UnHome for the Holidays: Breathing through the Holiday Blues

When I was younger, several family friends found the holidays depressing. This perplexed me, I wondered how people weren’t joyous during the holidays. Now I understand. This year marks the 4th Winter Holiday Season since separation, and eventual divorce. Having two young children who are now “forced” to split their holidays between parents, this time of year brings to the forefront the loss of the “Norman Rockwell” image of family that I have held since a young age (sometimes with a white-knuckled grip) in my mind.  So while I can still find joy in the holidays, there is an ever present longing that I am keenly aware may never be filled…and part of me blames myself.

Breathing in, I feel the grievances of childhood ideals. Just for this moment, I choose to not question them, for to do so would be to question my right to feel the losses; losses which are palpable for me at the moment. 

Breathing out, I feel my grasp on the ideals slowly slip away.

Breathing in, I allow this cycle to repeat: allowing the feelings and the ideals to be, then allowing my grip on them to release.

So now I feel better about Christmas, at least.
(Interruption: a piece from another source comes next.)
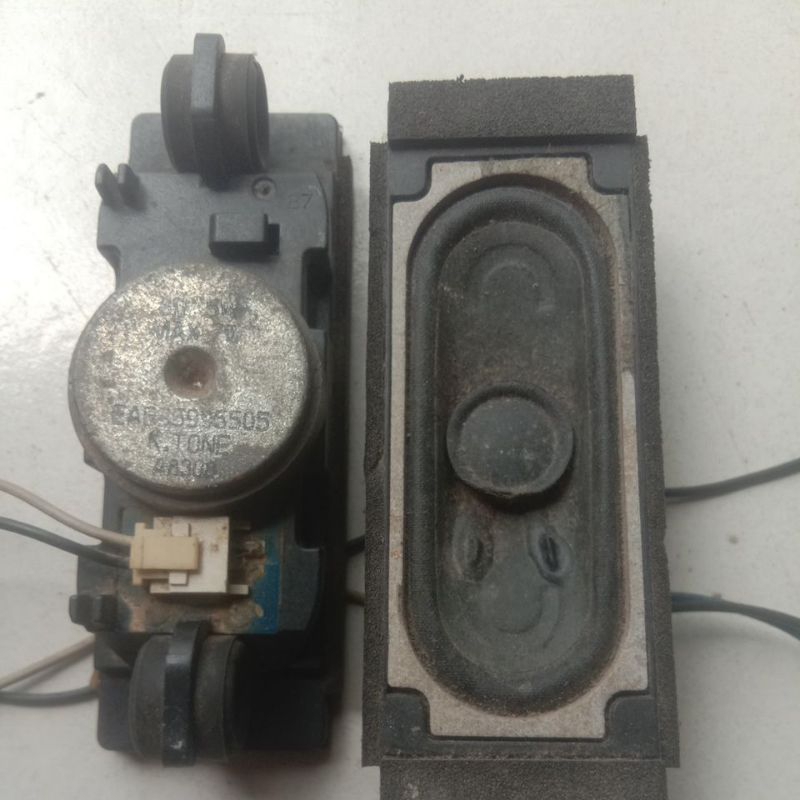 speker tv led bekas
Now to move onto New Year’s Eve, another year in which to celebrate being single, while grieving the vacancy at my side. 🙂

May we each find a greater sense of peace about where we find ourselves in life during this more sensitive time of year. May we further allow our grievances to surface, so that we may acknowledge and honor them, then allow our grips on them to soften, freeing us to enjoy greater degrees of freedom from our suffering. Peace begins within.

Namaste

Know that you are not alone in this. If your emotions are overwhelming and/or preventing you from activities that you normally enjoy, please reach out to someone who can help: 

  • National Suicide Hotline (US) 1-800-273-TALK (8255) or chat available 24/7
  • Mental Health Referral Hotline (US) 1-877-726-4727 available 8 AM – 8 PM EST Monday-Friday

Shake It Out

It can be a real struggle to move out of grief during this time of year when the overarching myth is that everyone should be happy and celebrating. 
Wednesday, the shortest day of the year in the Northern Hemisphere, changes the tide from outgoing to incoming light. Today, we have the opportunity to look into our own darkness to find our lights, for it is only in the darkness that we can most fully appreciate the stars.

Personally, the holidays have become a reminder for me of what was. Interesting to look back and see where I have painted Pre-divorce winter holidays in a golden light that is only partial truth. In elevating the past, I devalue the present. Now I’m changing the tide by allowing myself to feel gratitude for all of the beauty I do have in my life. This gives the present moment a greater sense of wholeness.

So please join me, “shake it out” so that we can all more fully appreciate who we are and what we do have, even when we believe more is never enough, when we celebrate what we do have we open ourselves more and more to love. In the presence of gratitude the closed heart opens what grief has “stolen.” Let’s shake it out!